Blackwater is an intense, cinematic shooter experience unlike anything you’ve ever played before. Lead a team of Blackwater Operators protecting a fictional North African town, battling dangerous warlords and fighting back two opposing militia forces. Using the motion-sensing Kinect controller players can do everything from moving their character to aiming and firing a weapon as you work your way through pressure-filled missions.
I actually have a problem with all video games based on wars of which all the veterans are not yet dead. A quick explanation: I grew up in a family of hunters, which means being around a lot of guys who owned guns and knew how to use them. But they weren’t Gun Guys, the types of morons who end up on the news because they got tipsy and waved their handguns around and wound up shooting themselves in the testicles. My siblings and I weren’t allowed, as children, to touch the guns, or even know where they were kept. And not only did we not play with toy soldiers, we were cuffed upside the head for even thinking “war” was a game anybody should play.

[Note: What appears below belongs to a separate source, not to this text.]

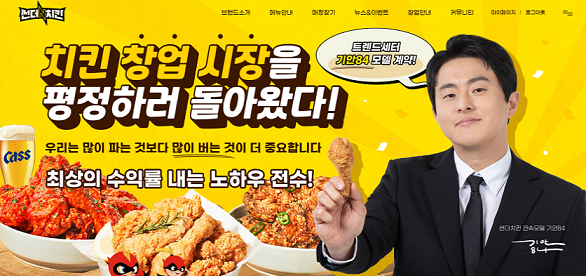 치킨 프랜차이즈 썬더치킨, 홈페이지 리뉴얼 오픈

War, we were told, was not a game. War was not amusement. War was something people lived through, only when they had no other choice, and making light of it in any way was obscene.

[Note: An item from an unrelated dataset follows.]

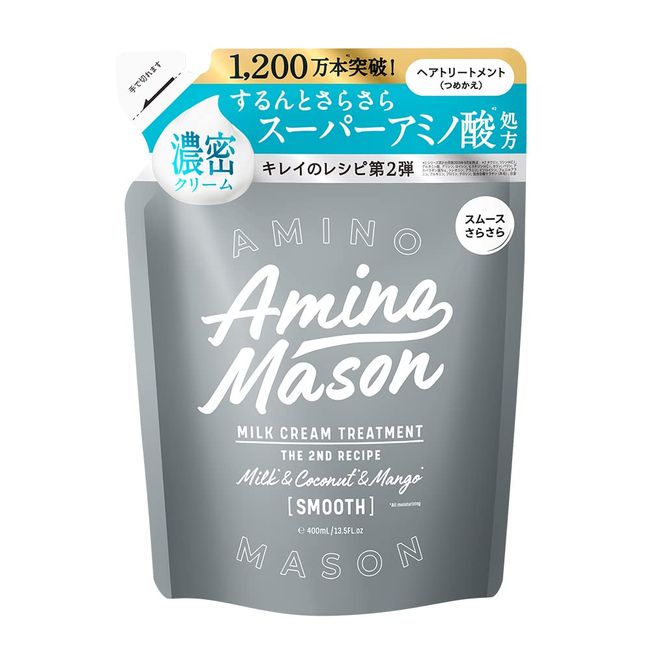 Amino Mason Smooth Repair Treatment, Amino Acid, Botanical, Organic, Hair Care, Non-Silicone, Refill, 16.2 fl oz (480 ml)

So war games turn my stomach anyway. We’re so young, as a culture, really. We think World War II was a million years ago. We barely even know about World War I anymore. That people were alive that lived these things is impossible to us, never mind that people are still being dug, in pieces, out of the ground they fought upon. How can the war be a game, when the war isn’t over for them?
But now comes Erik Prince, making a game out of wars that we haven’t even stopped fighting yet. People like this make me want to believe in the fiery, literal, Biblical hell of my childhood, just so that when I’m down there mixing drinks for Richard Nixon or whatever, I can look over and see this Erik Prince asshole unclogging the john. Scraping vomit off the walls. Spreading kitty litter over the pools of blood.
A.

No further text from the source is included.